Oblomov, tıpkı Don Kişot ve Godot’yu Beklerken gibi, ünü yazarını aşmış yapıtlardandır. Oblomov sadece bir roman kahramanı değil, bir kavramdır. O, ataletin, aylaklığın, tembelliğin, üşengeçliğin, hayalciliğin, uykuculuğun cisimleşmiş halidir.
Yatağında hayal kurarak uyuklamaktan başka bir emeli olmayan Oblomov’un, önce taşınma derdiyle boğuşmak, sonra çiftliğini denetlemek zorunda kalmakla altüst olan dünyası, eşine az rastlanır bir mizahla anlatılır.
Her biri unutulmaz birer kahraman olan Zahar, Ştoltz ve Olga, Oblomov’u tek karakter etrafında örülen bir roman olmaktan çıkararak, bir dönem romanı kılar. Aristokrat yetiştirme tarzının kanatlarını yolduğu Oblomov’un yanı sıra, en az efendisi kadar tembel olan Zahar ile, tek meselesinin aristokrasi olmadığını ifade eder Gonçarov. Ştoltz ile “kapitalist işadamı” resmedilirken; akıllı, meraklı, ince ruhlu Olga ile modern Rus kadınının müjdesi veriliyor gibidir.

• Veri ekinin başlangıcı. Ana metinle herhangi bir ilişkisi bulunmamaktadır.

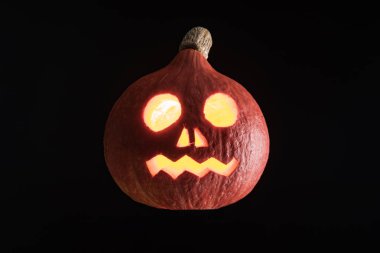 siyah izole balkabağı gelen ürkütücü oyma Halloween fener üst görünümü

Oblomov, çok boyutlu, ince ayrıntı ve sembollerle, psikolojik analizlerle dolu destansı bir romandır, onu sadece toprak aristokrasisinin tembelliğini, asalaklığını anlatan bir kitap olarak görmek eseri eksik anlamak olur. Bu büyük eser, Rus insanının ulusal mizacını, genlerine işlemiş özelliklerini gün ışığına çıkarmakta, Rus toprağından evrenselliğe uzanmaktadır...
“Oblomov, muazzam bir şey! Çoktan beri böylesi görülmedi... Oblomov’un yakaladığı başarı tesadüfi, gelip geçici cinsten değil, sağlam, esaslı, kalıcı bir başarıdır.” Lev Tolstoy
“Dünyada tek bir Rus kaldığı sürece Oblomov hatırlanacaktır.”